Use the OpenAI Assistant Starter Kit to Quickly Build New OpenAI Apps

I’m excited to announce the OpenAI Assistant Starter Kit — a sample chat application designed to enable you to quickly get started building fully-functional chat applications with OpenAI. You can try a live version of this Starter Kit right now (stop reading and check it out).

Here’s what is special about this Starter Kit:

  1. This OpenAI Starter Kit demonstrates using the latest OpenAI Assistant stream methods to provide near realtime responses to chat messages (introduced by OpenAI in March, 2024).
  2. This OpenAI Starter Kit was built using NextJS + ReactJS + TypeScript + Tailwind — a modern web stack.
  3. This OpenAI Starter Kit illustrates how you can handle a long running thread with an ever expanding list of messages without losing context.
  4. This OpenAI Starter Kit was designed to work on both mobile and desktop devices.
  5. This OpenAI Starter Kit does not use any special AI code or libraries beyond the official openai NPM package.
  6. This OpenAI Starter Kit is open source and you can download all of the source code from GitHub and modify it for your own needs.
screen capture of OpenAI Assistant Starter Kit

Creating a New Assistant

Before you can use this OpenAI Starter Kit, you must first configure a new Assistant on the OpenAI website. Visit the following page:

OpenAI Playground

Enter a name, instructions, and GPT model for your assistant. After you create your Assistant, you need to copy the Assistant Id (the Id appears right under the Assistant name). You’ll need this Assistant Id in a moment when running the Starter Kit.

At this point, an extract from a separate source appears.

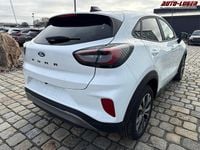 Neu Ford Puma Titanium 2025 Weiss SUV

Configure an OpenAI Assistant

Running the OpenAI Assistant Starter Kit on Your Machine

Now that you’ve created the Assistant on the OpenAI website, you can follow these steps to run the Starter Kit on your machine.

First, execute the following command to create a new NextJS + ReactJS app that uses the OpenAI Assistant Starter Kit as its template:

npx create-next-app@latest openai-assistant-starter-kit --use-npm --example ""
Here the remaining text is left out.